Retour à la réalité

Publié le 11 septembre 2006 Lecture : 3 minutes.

Trois jours après le début des combats, les membres du G8 ont esquissé un protocole d’accord très favorable à Israël. Le projet imputait au Hamas et au Hezbollah l’entière responsabilité de la crise. Israël et le Liban étaient invités à engager des pourparlers diplomatiques. Y avait-il pour Israël un meilleur itinéraire de désengagement ?
Les missiles à longue portée avaient été largement détruits, le quartier Dahiyeh de Beyrouth était démoli, la direction du Hezbollah avait sombré dans la panique, et le Premier ministre libanais, Fouad Siniora, réclamait un cessez-le-feu et un échange de prisonniers. Mais Olmert, Peretz et Halutz montèrent sur leurs grands chevaux. Ils entendaient prouver qu’ils étaient à la fois plus malins, plus courageux et plus combatifs que Ehoud Barak, Ariel Sharon, Shaul Mofaz et Moshe Ya’alon – mais, pour le plus grand malheur d’Israël, ils se sont ramassés misérablement. Ce fut un enchaînement fatal.

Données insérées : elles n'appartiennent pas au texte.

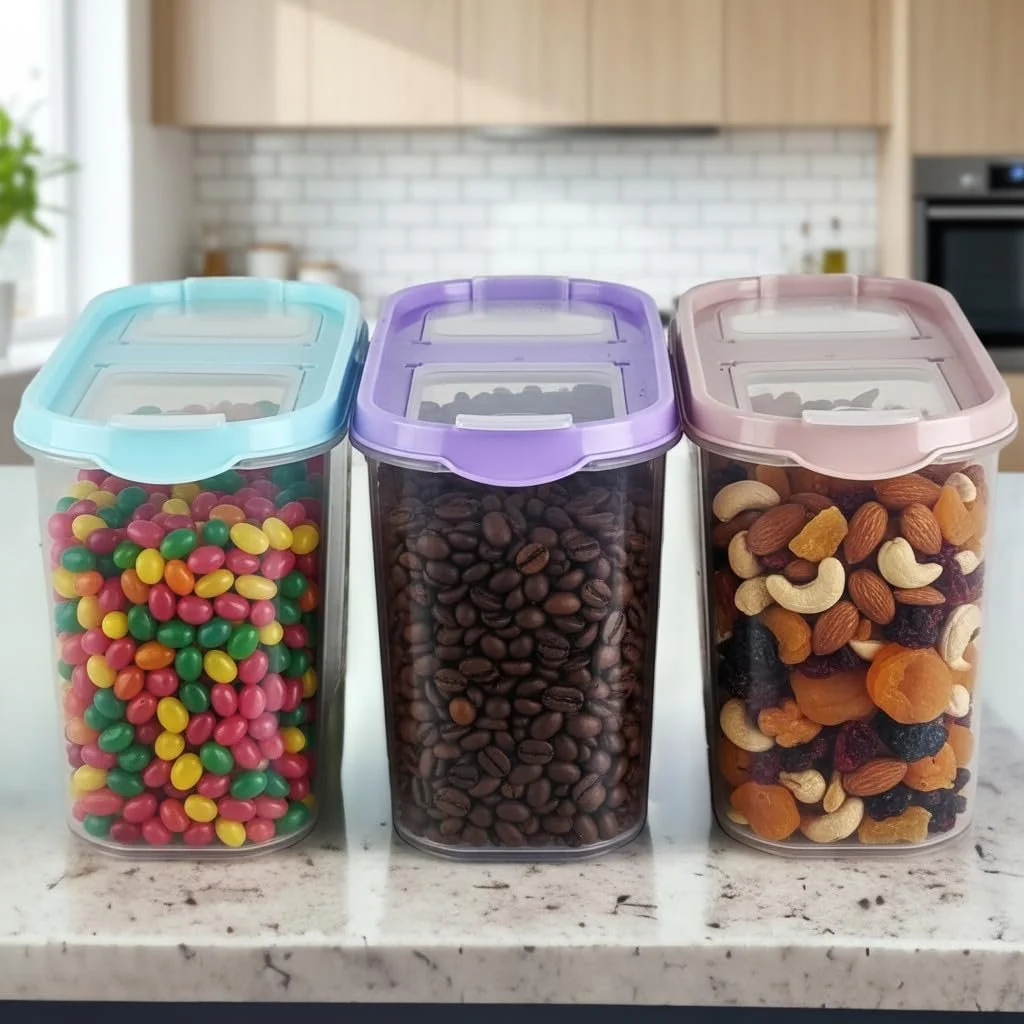 Набір ємностей для сипучих та пластівців 3 шт. Штабельовані Plastic, фото №9 Набір ємностей для сипучих та пластівців 3 шт. Штабельовані Plastic, фото №9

Tandis que les hostilités continuaient, le Hezbollah se ressaisissait, les Katioucha continuaient à pleuvoir, le nombre des tués et blessés se creusait ; le nord d’Israël subissait de graves destructions, le tourisme en prenait un sacré coup, le soutien international s’évaporait, les deux derniers pays à maintenir leur ambassade à Jérusalem (le Costa Rica et le Salvador) abandonnaient la capitale ; la dévastation du Liban, et surtout de Beyrouth, transformait les Libanais en ennemis jurés d’Israël ; et au lieu que la dissuasion fasse son office, nous enregistrions les déclarations extrémistes des présidents syrien et iranien.

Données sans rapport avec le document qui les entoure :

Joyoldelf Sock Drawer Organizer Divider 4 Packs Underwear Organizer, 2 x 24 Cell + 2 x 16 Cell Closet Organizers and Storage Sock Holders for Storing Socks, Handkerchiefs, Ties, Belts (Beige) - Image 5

Pour n’avoir pas cédé face à une armée israélienne nombreuse et techniquement sophistiquée, le Hezbollah fait figure de vainqueur. D’ores et déjà, il réarme. Et le budget israélien, qui devait répondre au malaise social et attaquer la pauvreté, est maintenant recentré sur les dépenses militaires. On continue de proclamer officiellement que c’est la cohésion sociale et la santé économique d’Israël qui comptent, puisque ce sont elles qui gagent la véritable sécurité – mais tout ce beau discours est démenti par les besoins de la guerre. À aucun moment, on n’a pris le temps de calculer le coût de l’obus, du missile, de l’hélicoptère ou du char marginal, alors qu’on sait bien qu’avec le prix d’un missile on peut construire une salle de classe toute neuve.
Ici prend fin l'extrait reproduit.